WORK INSTRUCTION ▸
Could you set down exactly the lines in the records below between the line holding "Strawberry Chocolate Cake" and the line holding "Simson S021230 bel", inclusive?

SUPPLIED RECORDS ▸
================
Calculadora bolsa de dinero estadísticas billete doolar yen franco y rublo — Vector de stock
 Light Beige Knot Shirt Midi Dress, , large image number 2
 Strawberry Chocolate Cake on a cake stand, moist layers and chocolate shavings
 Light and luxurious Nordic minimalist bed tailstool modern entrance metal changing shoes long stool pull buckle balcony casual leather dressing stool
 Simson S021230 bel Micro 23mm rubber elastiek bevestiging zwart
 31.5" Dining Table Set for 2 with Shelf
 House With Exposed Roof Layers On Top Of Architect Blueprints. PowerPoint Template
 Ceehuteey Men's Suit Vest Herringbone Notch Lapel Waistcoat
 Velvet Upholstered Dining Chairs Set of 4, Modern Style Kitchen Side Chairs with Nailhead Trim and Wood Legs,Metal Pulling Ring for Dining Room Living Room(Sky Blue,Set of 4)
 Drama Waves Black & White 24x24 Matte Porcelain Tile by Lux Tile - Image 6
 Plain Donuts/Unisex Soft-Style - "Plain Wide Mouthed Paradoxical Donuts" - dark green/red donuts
================
ANSWER BOX ▸
 Strawberry Chocolate Cake on a cake stand, moist layers and chocolate shavings
 Light and luxurious Nordic minimalist bed tailstool modern entrance metal changing shoes long stool pull buckle balcony casual leather dressing stool
 Simson S021230 bel Micro 23mm rubber elastiek bevestiging zwart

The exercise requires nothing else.